Texto de la homilía que el Papa ha pronunciado después de la proclamación del Santo Evangelio:
HOMILÍA DEL SANTO PADRE FRANCISCO
Basílica de Santa Sabina
Miércoles, 26 de febrero de 2020
Miércoles, 26 de febrero de 2020
Comenzamos la Cuaresma recibiendo las cenizas: “Recuerda que eres polvo y al polvo volverás” (cf. Gn
3,19). El polvo en la cabeza nos devuelve a la tierra, nos recuerda que
procedemos de la tierra y que volveremos a la tierra. Es decir, somos
débiles, frágiles, mortales. Respecto al correr de los siglos y los
milenios, estamos de paso; ante la inmensidad de las galaxias y del
espacio, somos diminutos. Somos polvo en el universo. Pero somos el polvo amado por Dios. Al Señor le complació recoger nuestro polvo en sus manos e infundirle su aliento de vida (cf. Gn 2,7).
Así que somos polvo precioso, destinado a vivir para siempre. Somos la
tierra sobre la que Dios ha vertido su cielo, el polvo que contiene sus
sueños. Somos la esperanza de Dios, su tesoro, su gloria.
La ceniza nos recuerda así el trayecto de nuestra existencia: del polvo a la vida.
Somos polvo, tierra, arcilla, pero si nos dejamos moldear por las manos
de Dios, nos convertimos en una maravilla. Y aún así, especialmente en
las dificultades y la soledad, solamente vemos nuestro polvo. Pero el
Señor nos anima: lo poco que somos tiene un valor infinito a sus ojos.
Ánimo, nacimos para ser amados, nacimos para ser hijos de Dios.

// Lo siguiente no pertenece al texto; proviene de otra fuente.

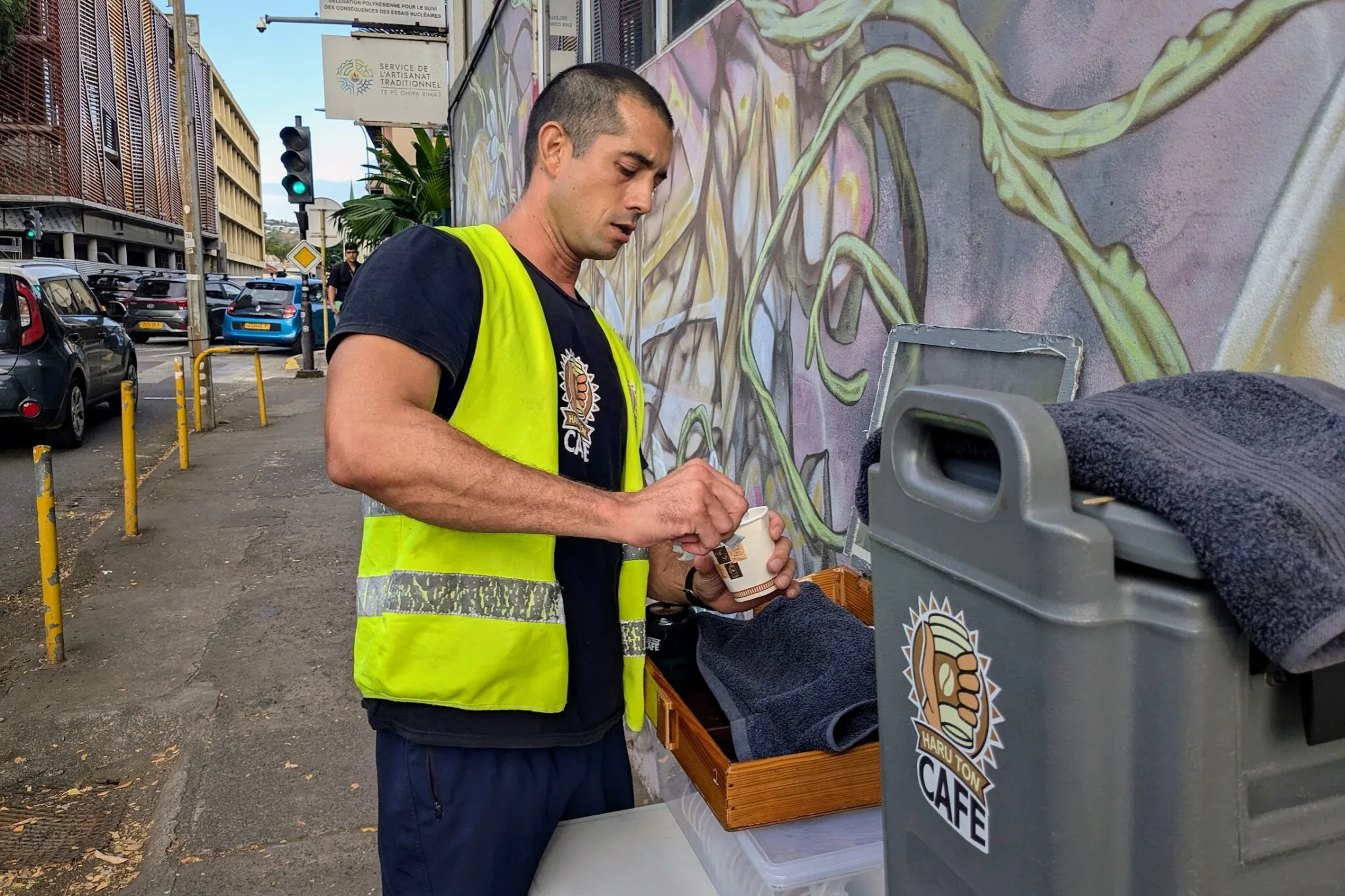 Tapuarii Beaumont Haru ton café Hommes de Polynésie Crédit : Pauline Stasi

Queridos hermanos y hermanas: Al comienzo de la Cuaresma, necesitamos
caer en la cuenta de esto. Porque la Cuaresma no es el tiempo para
cargar con moralismos innecesarios a las personas, sino para reconocer
que nuestras pobres cenizas son amadas por Dios. Es un tiempo de gracia,
para acoger la mirada amorosa de Dios sobre nosotros y, sintiéndonos
mirados así, cambiar de vida. Estamos en el mundo para caminar de
las cenizas a la vida. Entonces, no pulvericemos la esperanza, no
incineremos el sueño que Dios tiene sobre nosotros. No caigamos en la
resignación. Y te preguntas: “¿Cómo puedo confiar? El mundo va mal, el
miedo se extiende, hay mucha crueldad y la sociedad se está
descristianizando...”. Pero, ¿no crees que Dios puede transformar
nuestro polvo en gloria?
La ceniza que nos imponen en nuestras cabezas sacude los pensamientos
que tenemos en la mente. Nos recuerda que nosotros, hijos de Dios, no
podemos vivir para ir tras el polvo que se desvanece. Una pregunta puede
descender de nuestra cabeza al corazón: “Yo, ¿para qué vivo?”. Si vivo
para las cosas del mundo que pasan, vuelvo al polvo, niego lo que Dios
ha hecho en mí. Si vivo sólo para traer algo de dinero a casa y
divertirme, para buscar algo de prestigio, para hacer un poco de
carrera, vivo del polvo. Si juzgo mal la vida sólo porque no me toman
suficientemente en consideración o no recibo de los demás lo que creo
merecer, sigo mirando el polvo.
No estamos en el mundo para esto. Valemos mucho más, vivimos para
mucho más: para realizar el sueño de Dios, para amar. La ceniza se posa
sobre nuestras cabezas para que el fuego del amor se encienda en los
corazones. Porque somos ciudadanos del cielo y el amor a Dios y al
prójimo es el pasaporte al cielo, es nuestro pasaporte. Los bienes
terrenos que poseemos no nos servirán, son polvo que se desvanece, pero
el amor que damos —en la familia, en el trabajo, en la Iglesia, en el
mundo— nos salvará, permanecerá para siempre.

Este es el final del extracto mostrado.